A estética é, antes de mas, uma “partilha do sensível”. Na belíssima entrevista que Rancière deu a Òscar Faria, publicada na edição de hoje do Ípsilon, o filósofo francês esclare o que entende por “partilha do sensível”: “É o conjunto das formas que definem aquilo que podemos perceber, que definem a maneira como podemos dar nomes àquilo que percebemos, à maneira como o podemos pensar.”. O pensamento estético é isto: esta aventura do pensamento para tocar o que o toca, para nomear o que parece clamar o nosso nome, para pensar o que, arrebatando-nos, parece pensar por nós. Não é o “estético” esse “tremor do coração” que faz perder o pensamento (ante um rosto, uma imagem, uma melodia) na fertilidade do deserto?
Na essência, a partilha do sensível é a “configuração” daquilo que para nós é perceptível e sentido, daquilo que para nós “faz sentido” (num “ter sentido” sentindo-o), “esta configuração, esclarece Rancière, supõe ela mesma uma partilha entre aquilo que é e aquilo que não é visível, entre aquilo que faz e aquilo que não faz sentido. E esta partilha é também uma maneira de definir, de distribuir as capacidades dos indivíduos).

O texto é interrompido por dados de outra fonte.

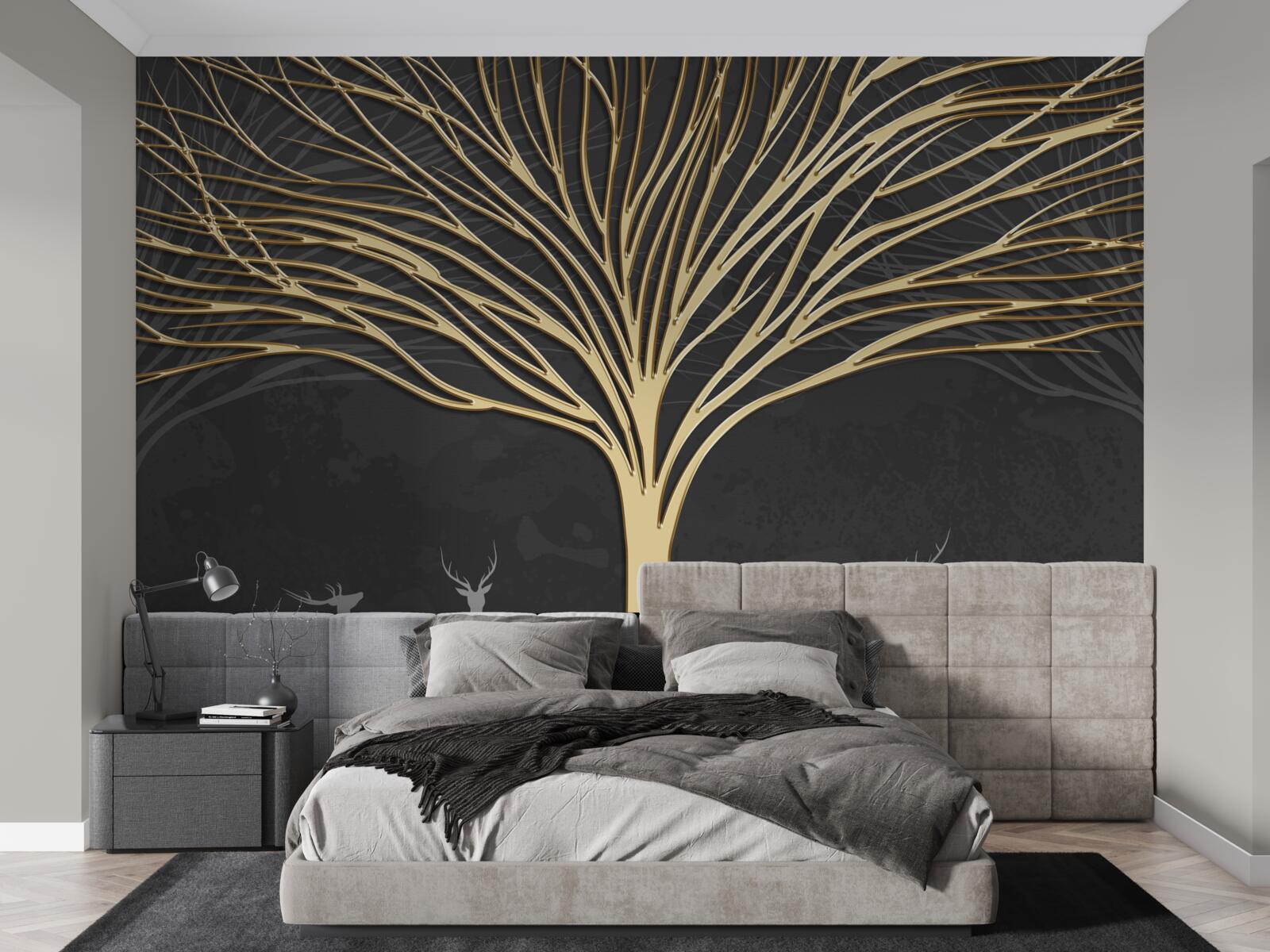 Fototapeta stado jeleni i złote drzewo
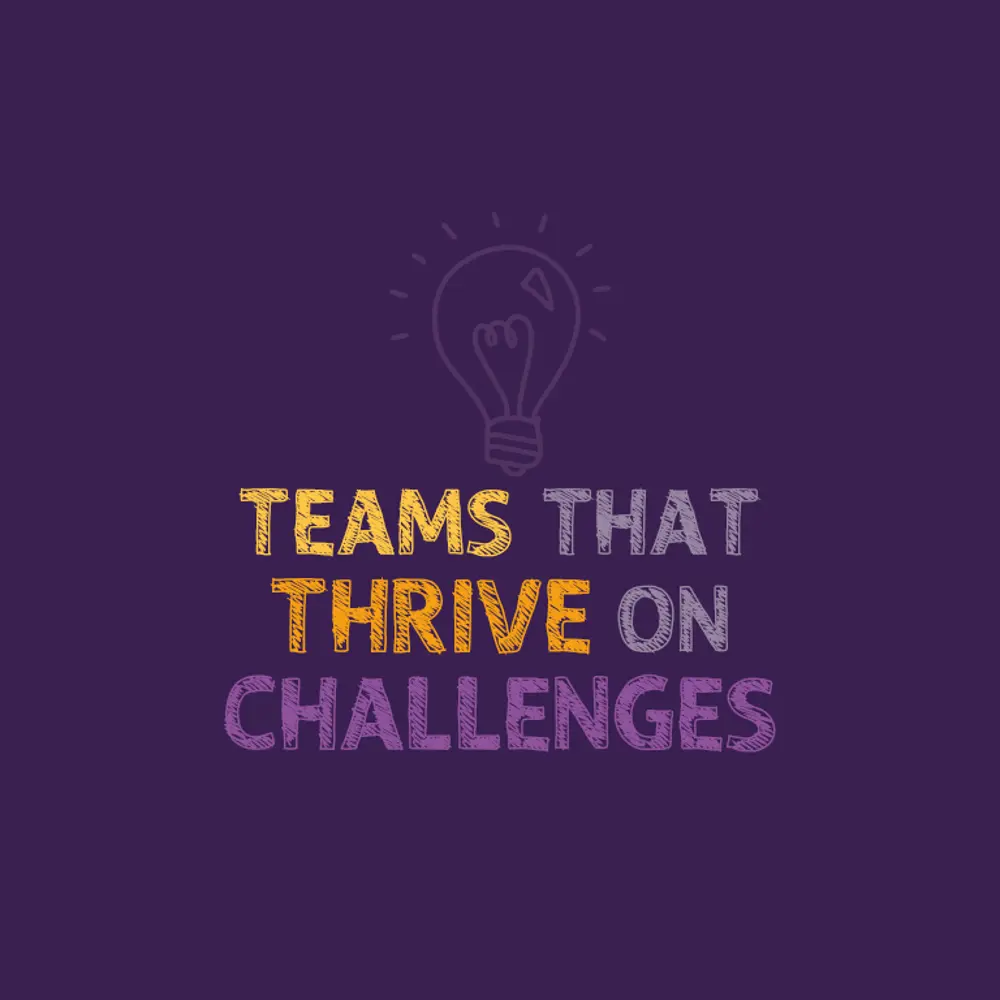 Teams That Thrive On Challenges logo on a deep purple background with a lightbulb icon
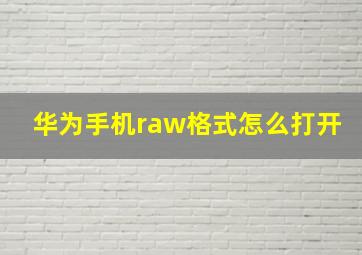 华为手机raw格式怎么打开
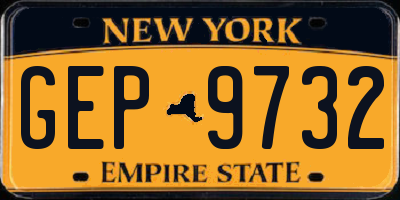 NY license plate GEP9732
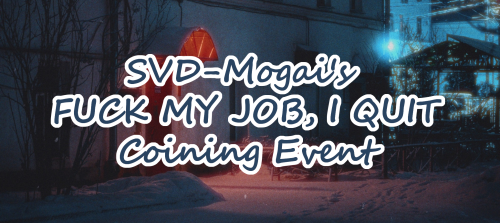 An image of the side entrance of an Eastern European block style apartment with a blue filter over it. The entryway is lit with a red light. It is snowy outside. Over the image in a blue cursive font outlined in white are layered the words "SVD-Mogai's fuck my job I quit coining event." 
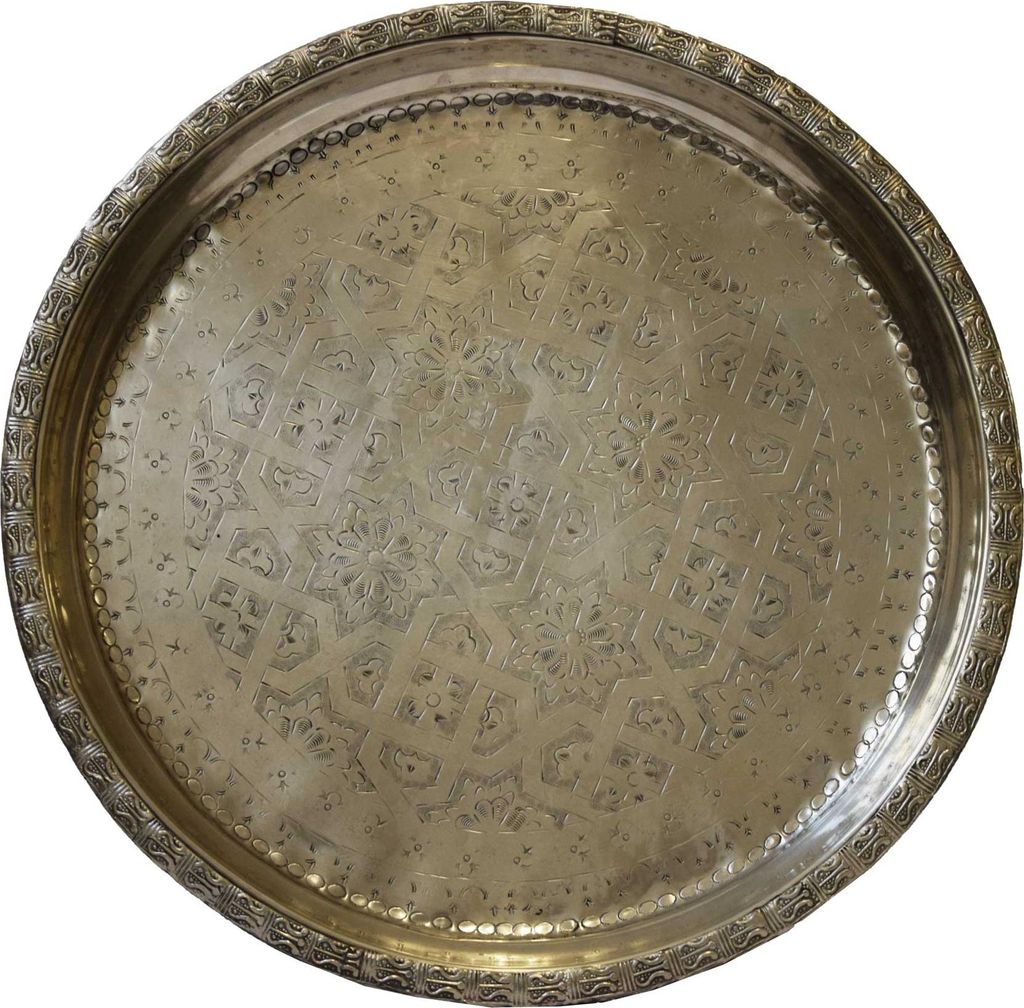 Orientalisches marokkanisches Tablett Serviertablett Teetablett antike Handarbeit -klein- Material: Motiv 2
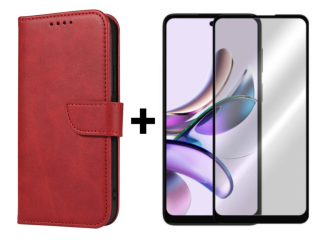 SKLO + PUZDRO 2v1 pre Motorola Moto G23 / Moto G13 - Peňaženkové puzdro BUCKLE červené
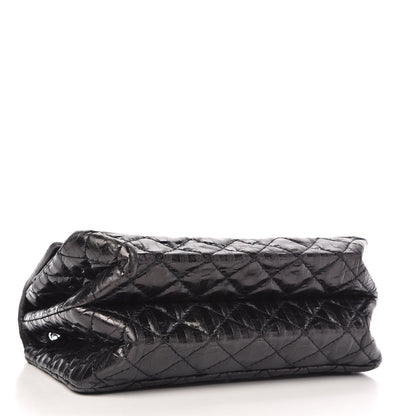 Chanel Metallic Aged Calfskin Striped Accordion Reissue 2.55 Flap Black 4 of 10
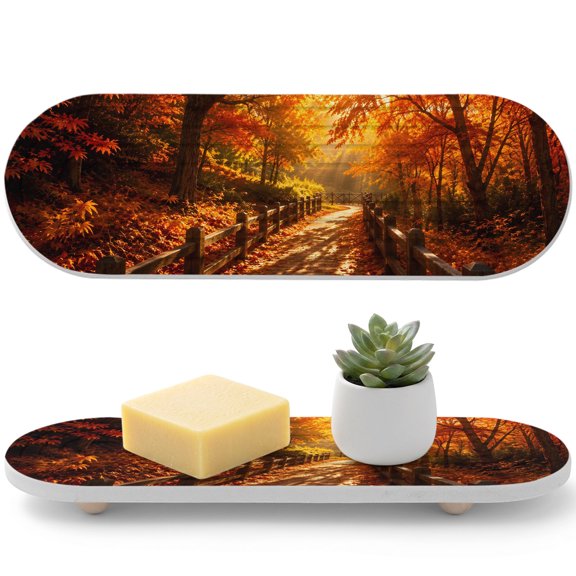 Fall Maple Tree Diatomaceous Earth Coasters, Country Red Maple Leaf Sunset Sunshine Landscape Water Absorbent Diatomite Coaster, Bathroom Tray Stone Dish Drying Mat Kitchen Sink Tray 12x4in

Rancière é o pensador da tradição kantiana da “partilha do sensível”, do “sentido comum” de Kant, mas é, também, o pensador do compromisso, marca de alguém que “cresceu no tempo dos livros de Foucault”, leia-se a forma como Rancière fala de Pedro Costa, leia-se a defesa da necessária instauração de um “dispositivo estético de distância” que permita, autenticamente, à arte “representar”. A força da arte, lembra Rancière, não está em entrar na vida, em tornar-se vida, mas em “configurar a vida” através de uma “figura estética”.
“A relação distância/proximidade pode ser compreendida assim: para fazer ouvir uma palavra é necessário instaurar um dispositivo estético de distância. Essas palavras, por que as não ouvimos? Não as ouvimos enquanto elas forem tomadas sob a forma de reportagem: um pobre fala pobre, um imigrante fala imigrante, ele apenas faz reconhecer a sua condição. (…) A força da arte é, precisamente, a de sair das figuras, das formas sensíveis esperadas. Isso supõe esta espécie de distância: estamos diante um ecrã, não estamos perante uma pessoa, estamos na posição do espectador; o que temos diante de nós não é um indivíduo que conta a sua vida, mas uma figura estética que impõe a sua potência.”
Jacques Rancière estará em Serralves na próxima quinta-feira.